The University of Michigan's Surveys of Consumers showed in September that a near-record number of consumers cited trade policies as a negative factor weighing on the economy.

"Trade policies have had the greatest negative impact on consumers, with a near record one-third of all consumers negatively mentioning trade policies in September when asked to explain in their own words the factors underlying their economic expectations," Richard Curtin, chief economist of the Surveys of Consumers, said in a statement.

The result came as the U.S. and China are slated to resume trade talks on Oct. 10 in Washington. Tensions have somewhat eased ahead of the negotiations as China confirmed the country had purchased a "considerable" amount of U.S. soybeans and pork products. President Donald Trump had also delayed some tariffs by two weeks at China's request.

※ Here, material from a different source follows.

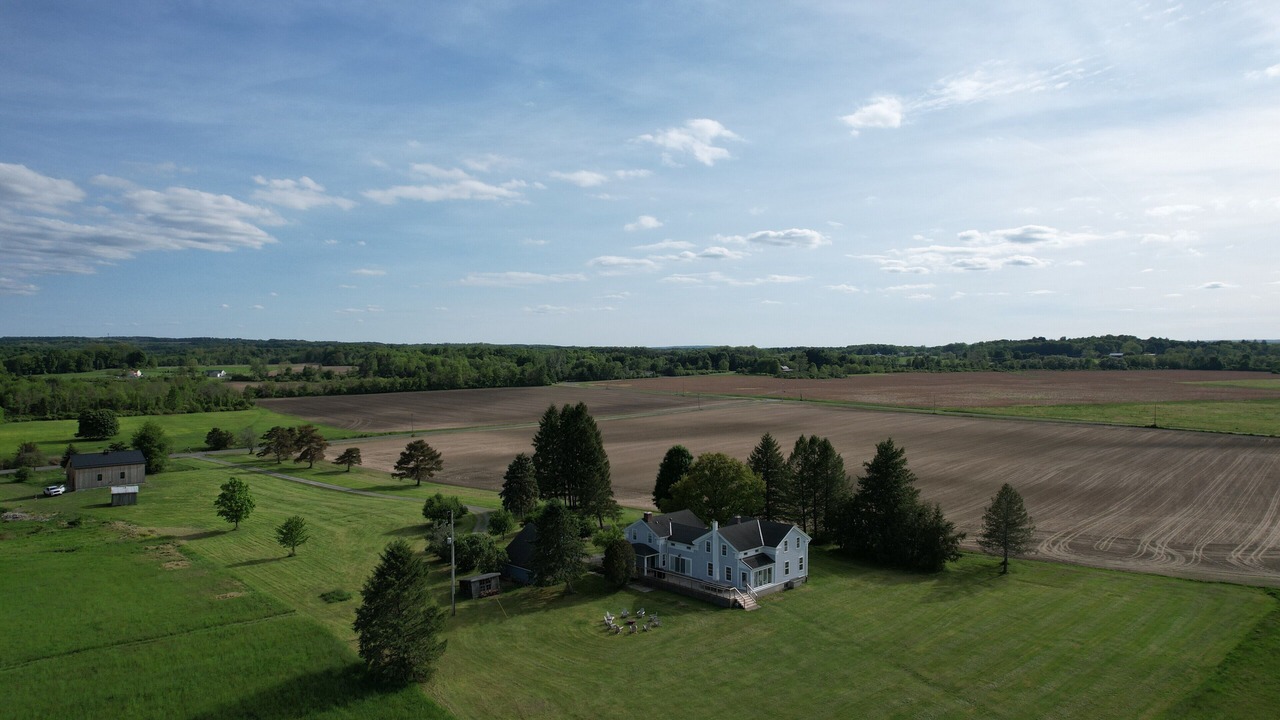 Photo of Outdoor in Trumansburg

Still, the two economic superpowers have many structural issues they have yet to sort out. White House trade advisor Peter Navarro previously said these issues include cyber intrusion into U.S. business networks, forced technology transfer, intellectual property theft and currency manipulation.

An index of consumer confidence rose to 93.2 in September from 89.8 in August, according to the University of Michigan.

"Despite the high levels of confidence, consumers have also expressed rising levels of economic uncertainty," Curtin said. "Some of these concerns are rooted in partisanship, some due to conditions in the global economy (Brexit, Iran, Saudi Arabia, China), and some are tied to domestic economic policies."